The accompanying consolidated financial statements of the Company are unaudited. However, in management’s opinion, all adjustments, consisting only of normal recurring adjustments necessary for fair presentation of results for the interim periods shown, have been made. Results for interim periods are not necessarily indicative of those to be expected for the full year. These consolidated financial statements should be read in conjunction with the audited consolidated financial statements and notes to consolidated financial statements included in the Company’s annual report on form 10-K for the year ended December 31, 2009.
NOTE 2 – NATURE OF OPERATIONS AND SUMMARY OF SIGNIFICANT ACCOUNTING POLICIES
Principles of Consolidation
The consolidated financial statements include the accounts of WindGen Energy Inc. and its majority owned subsidiary, MicroCor, Inc. (“MicroCor”) through June 24, 2010. As of June 24, 2010, MicroCor’s financial statements are no longer being consolidated with WindGen’s financial statements. (See Note 1).
Use of Estimates
The preparation of financial statements in conformity with accounting principles generally accepted in the United States of America requires management to make estimates and assumptions that affect the reported amounts of assets and liabilities and disclosure of contingent assets and liabilities at the date of the financial statements and the reported amounts of revenues and expenses during the reporting period. Actual results could differ from those estimates.
NOTES TO CONSOLIDATED FINANCIAL STATEMENTS (UNAUDITED)
Research and Development
Research and development costs are expensed as incurred.
Net Loss Per Common Share
Basic net loss per common share is computed by dividing net loss by the weighted average number of common shares outstanding during the year. Diluted net loss per common share (“Diluted EPS”) reflects the potential dilution that could occur if stock options or other common stock equivalents were exercised or converted into common stock. At September 30, 2010 and September 30, 2009, respectively, there were 7,881 and 5,109,857 potentially dilutive common stock equivalents. The computation of Diluted EPS does not assume exercise or conversion of securities that would have an anti-dilutive effect on net loss per common share.
NOTE 3 – PREFERRED STOCK
The Company is authorized to issue 100,000,000 shares of preferred stock. The Company’s board of directors designated 1,000,000 shares of this preferred stock as Series A Cumulative Convertible Preferred Stock (“Series A Preferred”) with a par value of $4.50 per share.
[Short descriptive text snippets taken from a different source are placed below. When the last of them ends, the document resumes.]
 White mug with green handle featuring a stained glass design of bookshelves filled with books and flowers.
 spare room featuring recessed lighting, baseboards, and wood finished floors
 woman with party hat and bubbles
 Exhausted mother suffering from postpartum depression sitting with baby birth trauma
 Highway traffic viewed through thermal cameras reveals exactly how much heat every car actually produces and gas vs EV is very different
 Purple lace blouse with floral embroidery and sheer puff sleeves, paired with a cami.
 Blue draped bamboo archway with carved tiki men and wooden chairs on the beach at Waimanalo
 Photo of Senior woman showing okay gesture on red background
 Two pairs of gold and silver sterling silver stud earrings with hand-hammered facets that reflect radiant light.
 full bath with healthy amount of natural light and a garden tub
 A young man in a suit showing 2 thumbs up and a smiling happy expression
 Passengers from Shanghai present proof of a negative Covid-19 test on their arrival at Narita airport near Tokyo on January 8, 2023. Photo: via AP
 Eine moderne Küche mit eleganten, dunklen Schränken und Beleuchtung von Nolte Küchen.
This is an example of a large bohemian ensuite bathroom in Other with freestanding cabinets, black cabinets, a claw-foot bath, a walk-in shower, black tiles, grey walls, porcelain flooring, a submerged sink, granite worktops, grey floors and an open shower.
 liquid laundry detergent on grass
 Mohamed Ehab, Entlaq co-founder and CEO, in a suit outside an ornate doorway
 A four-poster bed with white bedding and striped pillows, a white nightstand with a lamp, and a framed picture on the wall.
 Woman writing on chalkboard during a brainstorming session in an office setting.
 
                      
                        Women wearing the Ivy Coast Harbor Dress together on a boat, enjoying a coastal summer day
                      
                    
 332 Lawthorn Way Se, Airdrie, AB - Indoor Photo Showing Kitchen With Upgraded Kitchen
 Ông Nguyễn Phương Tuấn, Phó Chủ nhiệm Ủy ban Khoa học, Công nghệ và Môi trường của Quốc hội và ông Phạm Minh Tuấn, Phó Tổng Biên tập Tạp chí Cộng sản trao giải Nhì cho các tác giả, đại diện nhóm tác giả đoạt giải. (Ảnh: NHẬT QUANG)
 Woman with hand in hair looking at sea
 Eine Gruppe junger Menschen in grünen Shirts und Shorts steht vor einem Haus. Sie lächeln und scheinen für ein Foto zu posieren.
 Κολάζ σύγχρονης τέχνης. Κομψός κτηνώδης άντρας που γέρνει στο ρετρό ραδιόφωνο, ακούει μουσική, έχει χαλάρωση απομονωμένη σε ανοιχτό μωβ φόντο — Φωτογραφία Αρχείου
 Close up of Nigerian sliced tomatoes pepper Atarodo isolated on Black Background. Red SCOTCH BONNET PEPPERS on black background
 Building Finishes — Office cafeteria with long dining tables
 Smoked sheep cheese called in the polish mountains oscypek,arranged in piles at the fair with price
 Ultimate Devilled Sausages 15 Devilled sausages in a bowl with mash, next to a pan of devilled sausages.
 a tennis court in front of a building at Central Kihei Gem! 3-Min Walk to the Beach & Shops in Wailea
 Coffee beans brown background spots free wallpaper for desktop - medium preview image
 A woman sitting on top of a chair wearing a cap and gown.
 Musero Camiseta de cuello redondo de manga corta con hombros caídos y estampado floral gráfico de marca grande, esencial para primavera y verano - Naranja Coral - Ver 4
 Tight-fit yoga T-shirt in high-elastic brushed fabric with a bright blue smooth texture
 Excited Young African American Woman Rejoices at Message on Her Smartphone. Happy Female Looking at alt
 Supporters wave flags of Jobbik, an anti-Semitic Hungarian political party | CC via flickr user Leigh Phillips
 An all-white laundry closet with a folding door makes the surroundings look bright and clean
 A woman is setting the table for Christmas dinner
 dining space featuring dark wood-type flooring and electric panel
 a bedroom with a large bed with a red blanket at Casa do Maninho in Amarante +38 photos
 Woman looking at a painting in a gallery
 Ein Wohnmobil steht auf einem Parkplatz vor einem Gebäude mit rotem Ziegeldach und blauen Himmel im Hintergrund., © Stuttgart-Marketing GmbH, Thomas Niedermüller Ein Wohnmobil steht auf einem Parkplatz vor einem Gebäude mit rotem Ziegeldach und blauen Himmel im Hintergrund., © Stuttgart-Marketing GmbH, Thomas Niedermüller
Holders of the Series A Preferred receive annual cumulative dividends of eight percent (8%), payable quarterly, which dividends are required to be fully paid or set aside before any other dividend on any class or series of stock of the Company is paid. As of September 30, 2010, cumulative preferred stock dividends are due and payable in the amount of $17,496. Holders of the Series A Preferred receive no voting rights but do receive a liquidation preference of $4.50 per share, plus accrued and unpaid dividends. Series A Preferred stockholders have the right to convert each sha re of Series A Preferred to the Company’s common stock at a rate of 1.5 common shares to 1 preferred share.
On January 30, 2009, the Company entered into an agreement with MicroCor, its subsidiary (the “MicroCor Agreement”). The MicroCor Agreement provides for the Company to create a Series B class of preferred stock, without dividend or voting rights (the “Series B Preferred”), which will receive 100% of any future benefit from the sale, spin-off, merger or liquidation of MicroCor or the commercialization of its hematocrit technology. The shares of the Series B Preferred will be distributed as a dividend, subject to compliance with federal and state securities laws and regulations, to the Company’s common stockholders, as of January 30, 2009. The creation of the Series B Preferred will prevent any holder of the Company’s common stock after January 30, 2009 from sharing in any future benefit of or to MicroCor through the expiration date of January 30, 201 1. Upon expiration of this agreement on January 30, 2011, the rights of the holders of the Series B Preferred to receive any future benefit from the commercialization of MicroCor’s hematocrit technology will expire, and, therefore, the Series B Preferred will expire and be terminated.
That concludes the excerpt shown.